▶ Task statement
Below are records; extract exactly the lines from the one with "Produktbild: Im Auftrag der Firma" through the final line, including both, but drop the pictures.

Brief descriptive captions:
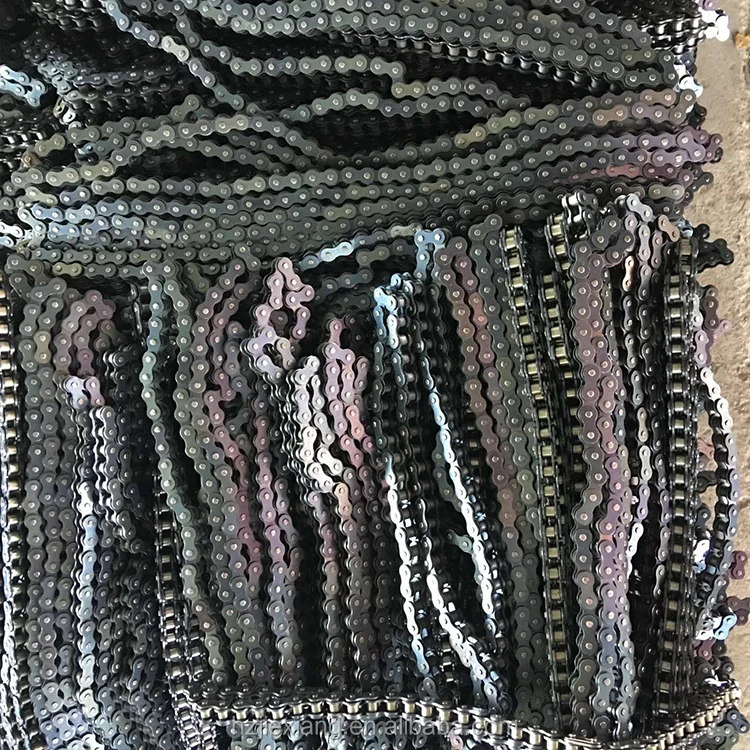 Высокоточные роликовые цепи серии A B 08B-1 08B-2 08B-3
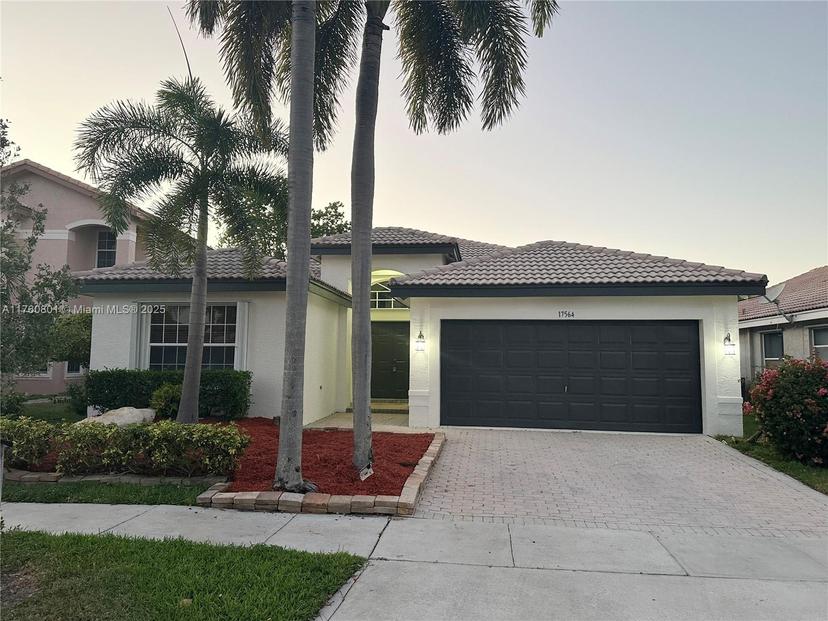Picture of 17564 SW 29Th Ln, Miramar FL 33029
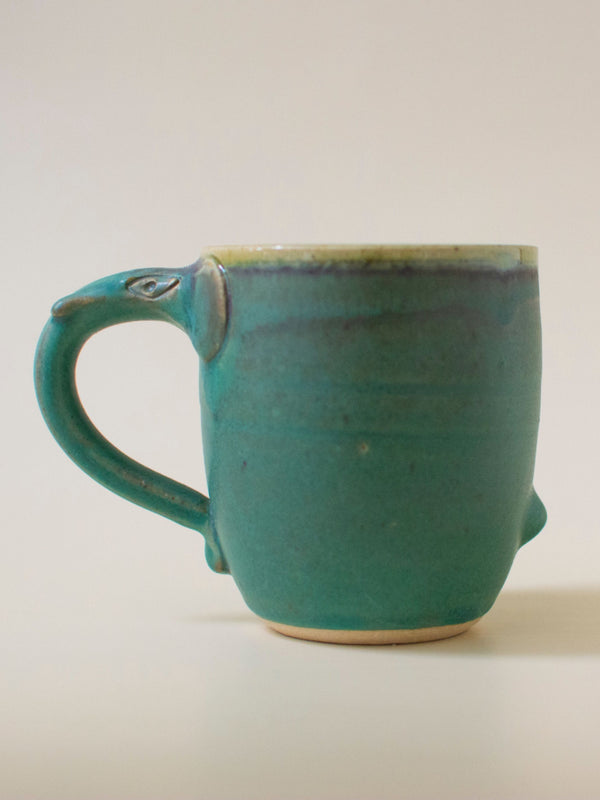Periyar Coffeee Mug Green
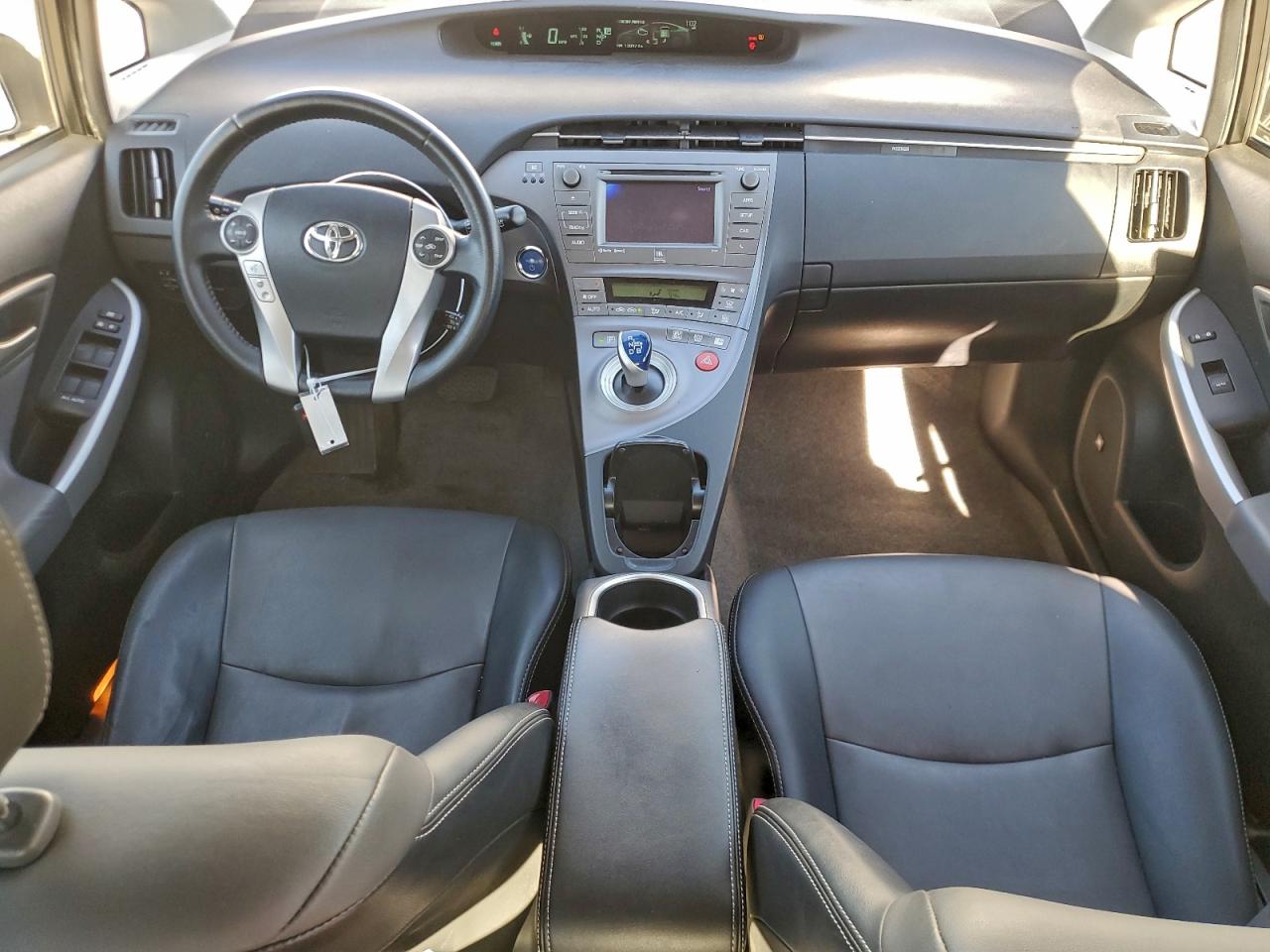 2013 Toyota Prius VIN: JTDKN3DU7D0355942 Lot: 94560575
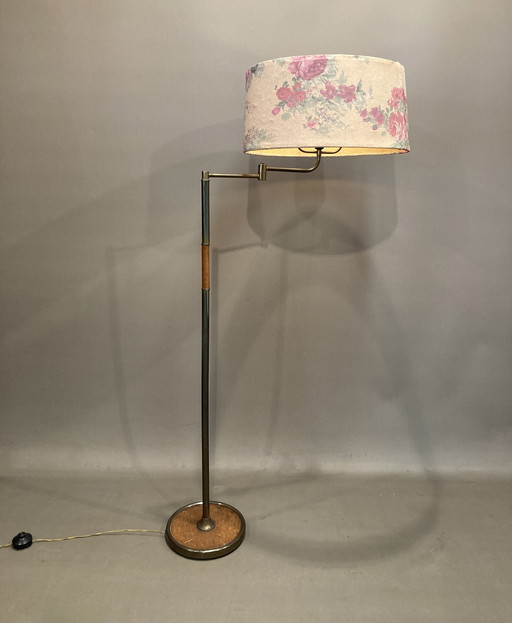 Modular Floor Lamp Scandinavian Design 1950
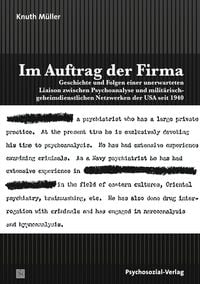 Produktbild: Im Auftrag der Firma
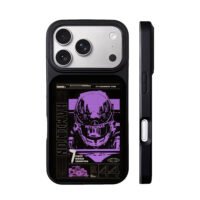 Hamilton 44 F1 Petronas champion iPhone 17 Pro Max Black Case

▶ Problem solution
 Produktbild: Im Auftrag der Firma
 Hamilton 44 F1 Petronas champion iPhone 17 Pro Max Black Case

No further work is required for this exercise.